"Kto pracuje, jest głupi" - powtarzał często Arno Dübel. To właśnie dzięki takiemu podejściu do życia i pracy mężczyzna stał się sławny - nie tylko w rodzinnych Niemczech, ale i na całym świecie. Bardzo często pojawiał się w niemieckiej telewizji, przez co jego popularność tylko rosła. Teraz media obiegła tragiczna informacja.
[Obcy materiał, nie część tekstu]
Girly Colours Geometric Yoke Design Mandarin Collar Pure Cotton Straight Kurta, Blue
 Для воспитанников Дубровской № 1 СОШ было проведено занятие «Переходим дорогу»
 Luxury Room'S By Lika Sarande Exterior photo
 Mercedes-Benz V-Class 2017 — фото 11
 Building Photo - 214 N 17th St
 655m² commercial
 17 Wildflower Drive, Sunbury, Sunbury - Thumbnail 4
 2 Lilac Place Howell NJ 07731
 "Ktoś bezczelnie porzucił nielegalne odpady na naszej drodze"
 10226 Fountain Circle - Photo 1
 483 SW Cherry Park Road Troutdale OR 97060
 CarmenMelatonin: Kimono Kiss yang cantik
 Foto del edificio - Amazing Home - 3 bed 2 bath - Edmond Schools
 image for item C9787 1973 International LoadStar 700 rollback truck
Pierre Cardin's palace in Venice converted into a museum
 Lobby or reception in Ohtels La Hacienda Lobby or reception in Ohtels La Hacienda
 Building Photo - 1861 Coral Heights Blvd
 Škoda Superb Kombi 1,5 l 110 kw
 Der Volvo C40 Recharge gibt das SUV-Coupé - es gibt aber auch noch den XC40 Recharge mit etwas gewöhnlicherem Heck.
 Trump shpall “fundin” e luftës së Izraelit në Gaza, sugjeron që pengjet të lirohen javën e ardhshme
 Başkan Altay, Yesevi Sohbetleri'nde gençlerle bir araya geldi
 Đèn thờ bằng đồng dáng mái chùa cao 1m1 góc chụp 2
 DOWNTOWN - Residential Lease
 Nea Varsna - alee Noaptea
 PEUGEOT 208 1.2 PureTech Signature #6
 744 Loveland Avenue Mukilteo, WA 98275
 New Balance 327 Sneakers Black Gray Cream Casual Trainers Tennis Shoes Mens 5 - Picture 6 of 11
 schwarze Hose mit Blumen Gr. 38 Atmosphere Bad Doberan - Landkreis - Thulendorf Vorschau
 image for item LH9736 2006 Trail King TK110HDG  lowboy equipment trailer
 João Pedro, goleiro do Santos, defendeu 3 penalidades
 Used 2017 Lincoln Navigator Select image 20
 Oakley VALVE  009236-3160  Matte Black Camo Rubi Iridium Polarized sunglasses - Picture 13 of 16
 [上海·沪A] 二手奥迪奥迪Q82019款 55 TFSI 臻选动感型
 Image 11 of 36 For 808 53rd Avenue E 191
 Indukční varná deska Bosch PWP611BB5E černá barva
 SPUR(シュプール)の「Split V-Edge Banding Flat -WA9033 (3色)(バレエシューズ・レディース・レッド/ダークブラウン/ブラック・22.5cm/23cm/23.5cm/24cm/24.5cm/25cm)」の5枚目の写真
Hamburger Morgenpost doniósł, że w Szpitalu Uniwersyteckim w Hamburgu, w wieku 67 lat, zmarł Arno Dübel. Mężczyzna wcześniej długo zmagał się z ciężką chorobą. Wcześniej Dübel mieszkał w domu spokojnej starości w Rahlstedt. Rok temu Niemiec zapowiedział, że w końcu podejmie się pracy zarobkowej. Według doniesień tamtejszych mediów mężczyzna chciał zostać... gwiazdą telewizyjną. Słynny bezrobotny znalazł menadżera, który chciał, aby Dübel wystąpił w serialu "Die Discounter". To niemiecka produkcja opowiadająca o pracownikach supermarketu, stworzona dla platformy Amazon Prime. Następnym krokiem do sławy miało być opatentowanie własnego wizerunku i stworzenie z niego marki, na której mógłby zarabiać. Niestety choroba przeszkodziła mu w planach.
Arno Dübel stał się popularny dzięki występom w programach niemieckiej telewizji, takich jak "Arbeitslos durch die Nacht" i "Arno und die Morgencrew", które emitowano prawie 20 lat temu. Dał się wtedy poznać jako bardzo ekscentryczna postać, a jego wypowiedzi wzbudzały wiele kontrowersji. Często wypowiadał się dość humorystycznie na temat swojej sytuacji zawodowej. Jego słynnymi powiedzeniami były: "Kto pracuje, jest głupi" i "Nie chcę zabierać nikomu pracy".
Swoim podejściem mężczyzna zdołał sobie przysporzyć zarówno krytyków, jak i fanów. Ci pierwsi osądzali go o wykorzystywanie państwa oraz budowanie sławy na podstawie bezrobocia. Drudzy natomiast doceniali go za poczucie humoru. Dla wielu pozostał postacią kultową.